Rajon Rondo and Josh Smith were actually teammates at Oak Hill.  Just an interesting tidbit I thought I would contribute here.

You're starting line-up for Atlanta is a little bit off, Childress is Atlanta's 6th man and Williams is their starting small forward. However, you are correct that Atlanta doesn't utilize their bench much. The starters have logged heavy minutes down the stretch.


----------



## Avalanche (Nov 17, 2005)

TheATLien said:


> Rajon Rondo and Josh Smith were actually teammates at Oak Hill.  Just an interesting tidbit I thought I would contribute here.
> 
> You're starting line-up for Atlanta is a little bit off, Childress is Atlanta's 6th man and Williams is their starting small forward. However, you are correct that Atlanta doesn't utilize their bench much. The starters have logged heavy minutes down the stretch.
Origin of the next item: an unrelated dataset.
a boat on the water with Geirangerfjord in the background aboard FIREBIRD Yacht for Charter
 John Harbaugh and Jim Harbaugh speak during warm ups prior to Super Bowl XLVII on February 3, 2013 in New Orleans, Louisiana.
ah yeah, forgot about Marvin.. consider it fixed


----------



## Avalanche (Nov 17, 2005)

Just for the record:

BOS 106 - 83 ATL
BOS 98 - 88 ATL
BOS - 99 - 89 ATL

Are the results for this season, every time we played them we won by double figures, the most recent time was primarily with the bench.


----------



## LamarButler (Apr 16, 2005)

We better not underestimate this team. I don't think they'll beat us in a 7 game series, but we can't let an inferior team take any games from us and make it tough. This should be a sweep.


----------



## Avalanche (Nov 17, 2005)

Definately should win in 4, and i dont expect any less...
ATL might steal one at home coming out with the energy of the young guys, but even that i find unlikely... C's in a sweep, 10+ point average


----------



## Avalanche (Nov 17, 2005)

Well the bench (leon in particular) just took down New Jersey for the last game of the regular season, nice to head into the playoffs with the bench firing.
Meanwhile Atlanta comes into the playoffs by losing convincingly to miami.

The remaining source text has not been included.